La resignación y la aceptación son conceptos primos, pero no hermanos. Frente a una pérdida, una situación indeseable o una derrota, el primero supone una actitud indistintamente pasiva –todo está perdido u oposicionista–, no quiero que pase lo que está pasando.
La aceptación, por otra parte, plantea un pulso distinto, un acto que moviliza, que obliga a un esfuerzo, a veces supremo, para encontrarle sentido y lógica a aquello que no lo tiene. No se trata aquí de elegir qué posición es la correcta, muy por el contrario, ambas son válidas y posibles para cada uno de nosotros dependiendo de la magnitud del dolor que experimentemos, pero también del carácter que cada uno de nosotros posea.
Para quienes la aceptación no es una opción, sino una forma de estar en el mundo, de vivir, y por qué no decirlo, aunque parezca algo cursi, de respirar, el optimismo se manifiesta, de modo natural, como proactividad, como una acción cognitiva o experiencial. No hablamos aquí del optimismo voluntarista que distorsiona escenarios adversos; muy por el contrario, se trata del optimismo realista, de aquél que se planta frente al dolor, al cansancio y al abatimiento y les dice: —¡No!, esto no me gusta, esto no es lo que elegí, esto no es lo que quería, pero esto no me la va a ganar.
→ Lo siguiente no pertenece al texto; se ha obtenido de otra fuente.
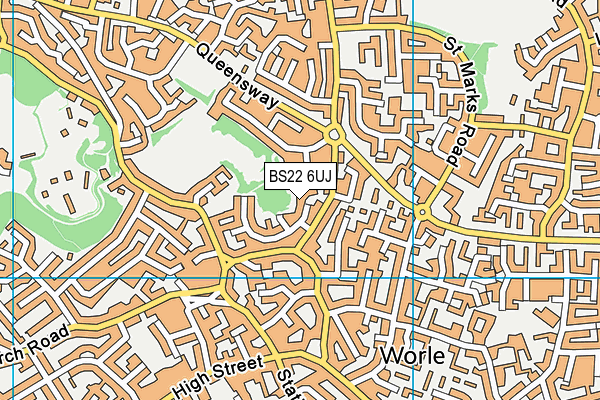 BS22 6UJ map - OS VectorMap District (Ordnance Survey)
De algún modo se trata de una forma de fe, no necesariamente en un Dios o en el destino, sino que en algo profundamente básico y animal. ¿Instinto de supervivencia, eros en lugar de tánatos, tozudez? Podemos llamarlo de distinta manera, pero está ahí, en la historia de la humanidad y por lo tanto en la memoria libidinal de cada uno de nosotros. En momentos cruciales es la fuerza vital que produce las grandes transformaciones individuales y colectivas.
Pero la aceptación no es un camino sencillo, ni mucho menos gratis. La aceptación implica compromiso, coraje, sacrificio y trabajo, un enorme trabajo. Los cambios verdaderos se dan no porque sean deseables o justos a nuestros ojos, o porque respondan a una concepción filosófica o política que creemos correcta, sino porque tienen mitología y épica; en otras palabras, porque tienen pulsión de vida.
Hay tanta oferta en estos días y tan poca rigurosidad para explicitar con claridad el costo, tiempo y sacrificio que requiere alcanzar aquello que se anhela. Soñar hace bien, apostar por mejores tiempos para la humanidad no es hoy tan necesario. Sin embargo, muchas veces el lenguaje nos juega malas pasadas y las palabras dejan de tener valor racional y centran su función en el plano afectivo. “Pienso, luego existo”, es tan cierto como “siento, luego existo”, a ambas premisas habría que agregarle, además: trabajo, me esfuerzo, creo nuevos paradigmas y soluciones y sobrepaso mis límites físicos y psíquicos, luego triunfo. Porque luché, porque no me di por vencido; aunque pierda, el camino elegido habrá valido la pena. En definitiva, acepto mi realidad, pero no me conformo.
“Vivimos en el mejor de los mundos posibles”, afirmaba el filósofo alemán Leibniz; algunos leen en su afirmación una actitud naif, otros ven en su obra un pesimismo subyacente. Karl Popper, ese optimista sobrio, defendería con nosotros la raíz profunda de la aceptación: renunciar a vivir en la ignorancia y en la anestesia psíquica, preferir la consciencia de muerte y de límite, elegir la lucidez y el rigor intelectual siempre, antes que la comodidad de una existencia meramente voluntarista y quejumbrosa.